__YOUR INSTRUCTIONS__
Begin at the line that contains "Forex Trading.jpg Forex Trading.jpg" and reproduce it along with every line after it to the end of the listing; skip any pictures.
** DATA follows **
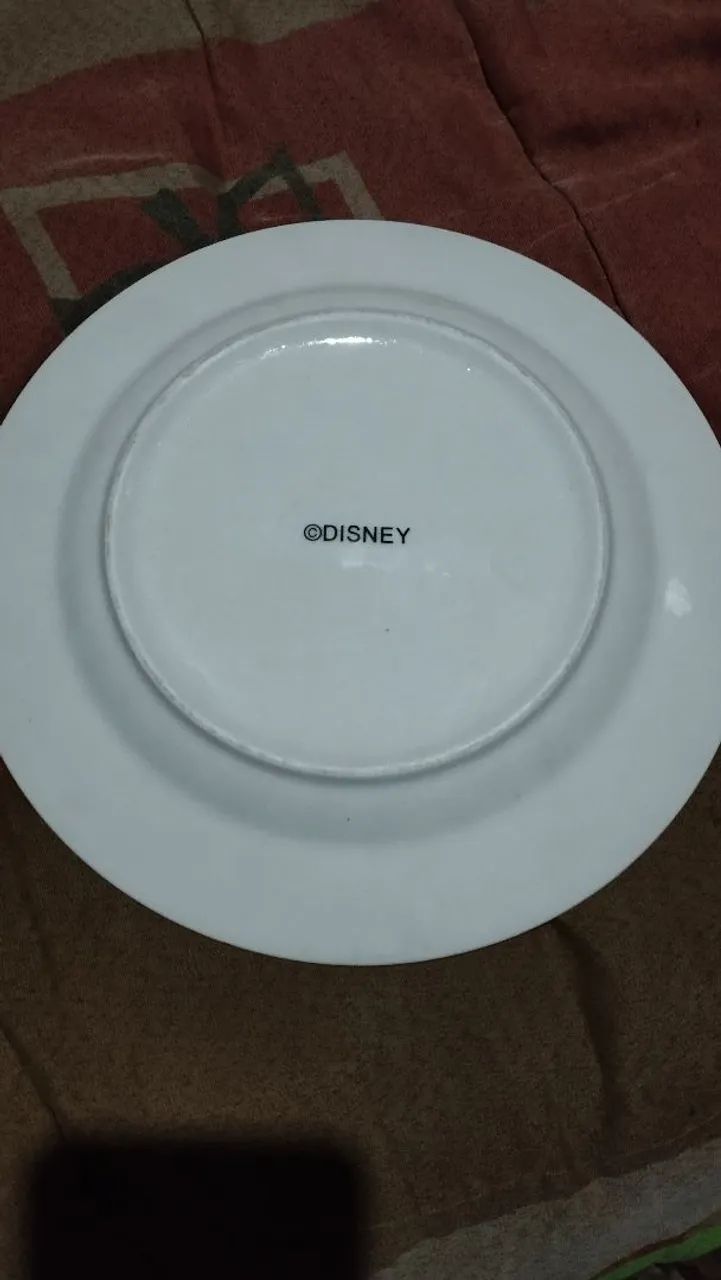 Itens de coleção  - Foto 5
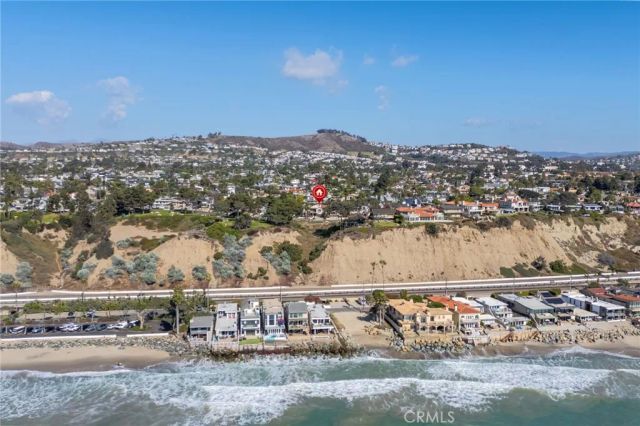 35002 Camino Capistrano, Dana Point, CA 92624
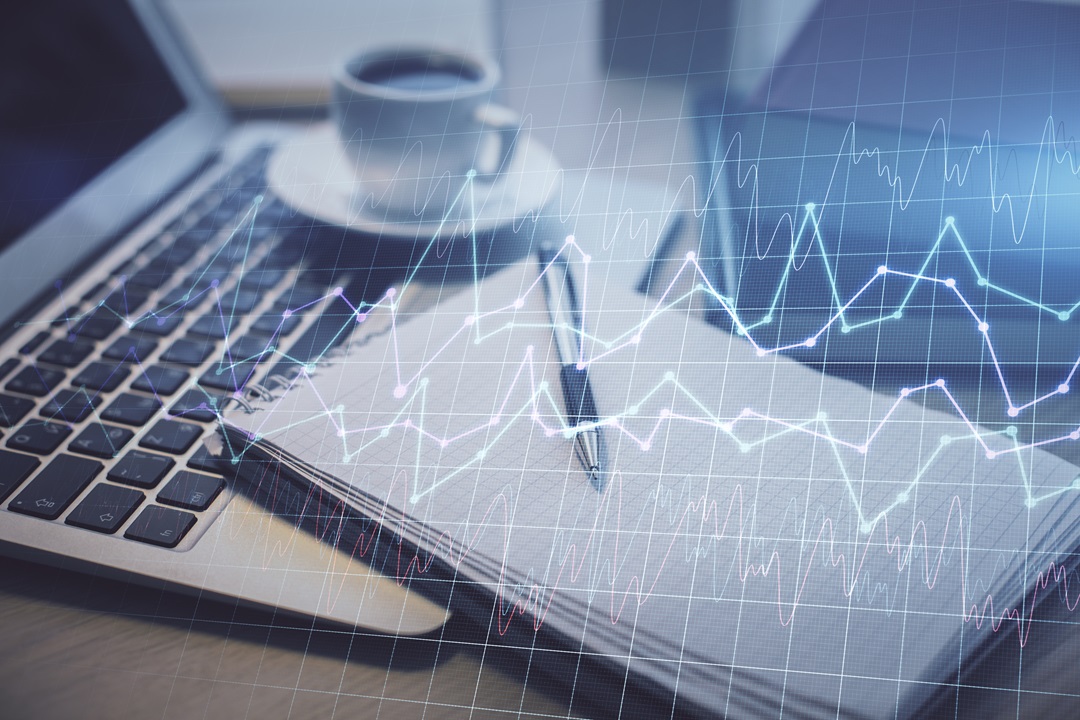 Forex Trading.jpg Forex Trading.jpg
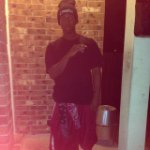 Dashawn Washington - @fawk_yhu_mean_bruh - Instagram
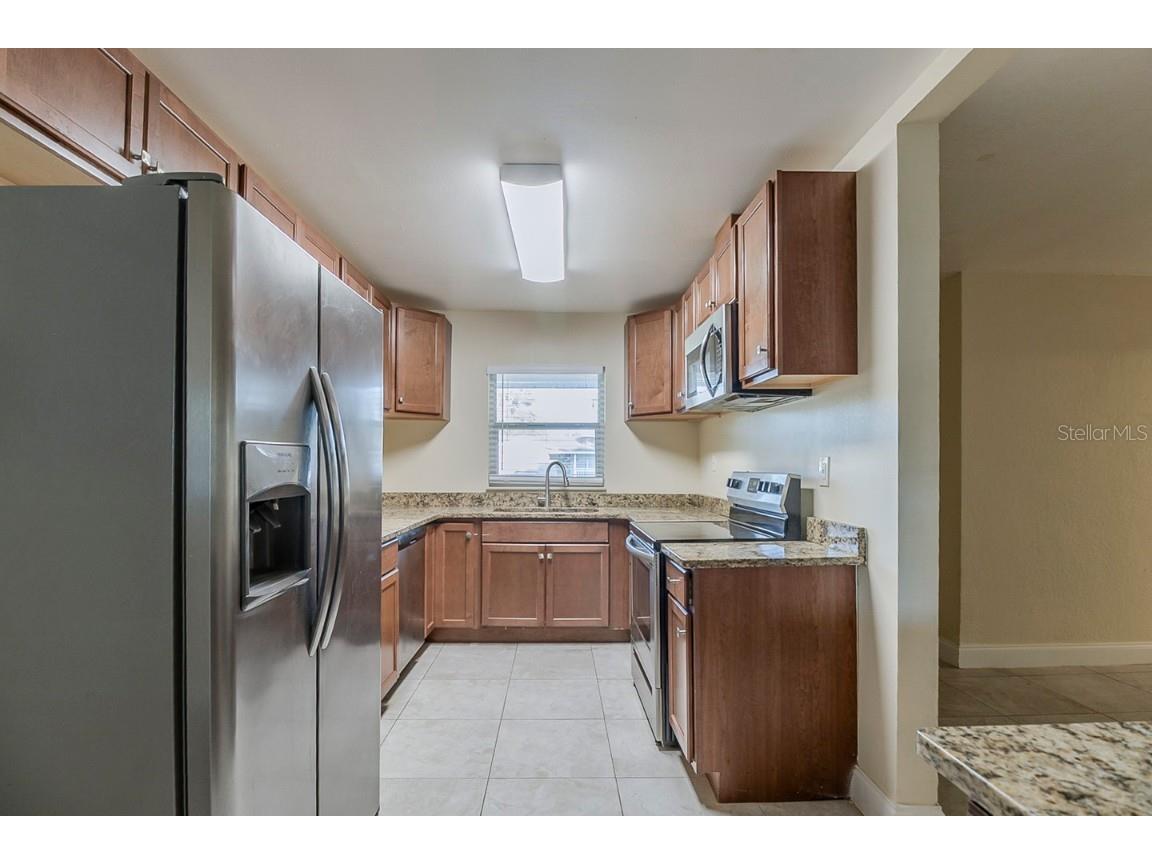 4320 Meadowbrook Avenue Orlando FL 32808 O6290370 image4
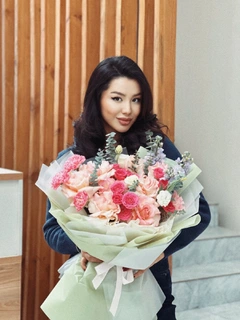 Sima escortka w mieście Astana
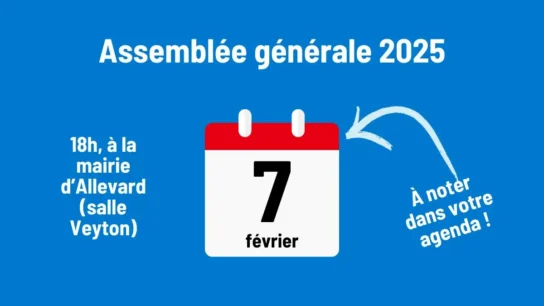assemblee generale peche allevard 2025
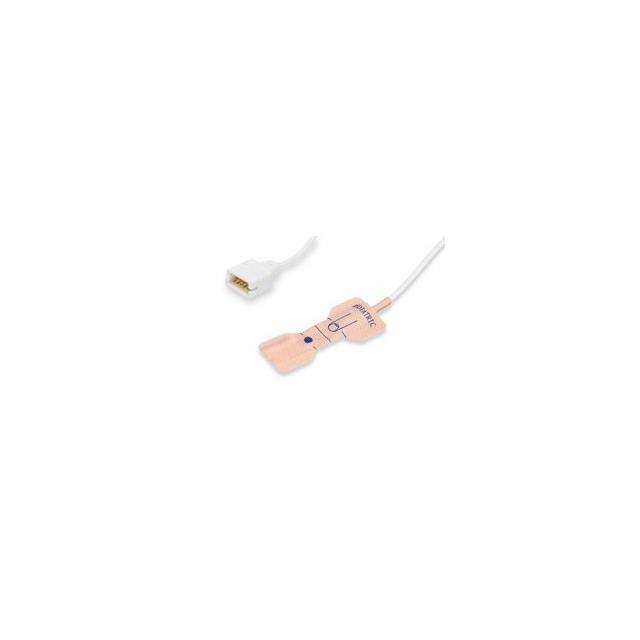 S523-070 Replacement for Cables and Senso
** End of DATA **
__RESULT OF THIS EXERCISE__
 Forex Trading.jpg Forex Trading.jpg
 Dashawn Washington - @fawk_yhu_mean_bruh - Instagram
 4320 Meadowbrook Avenue Orlando FL 32808 O6290370 image4
 Sima escortka w mieście Astana
assemblee generale peche allevard 2025
 S523-070 Replacement for Cables and Senso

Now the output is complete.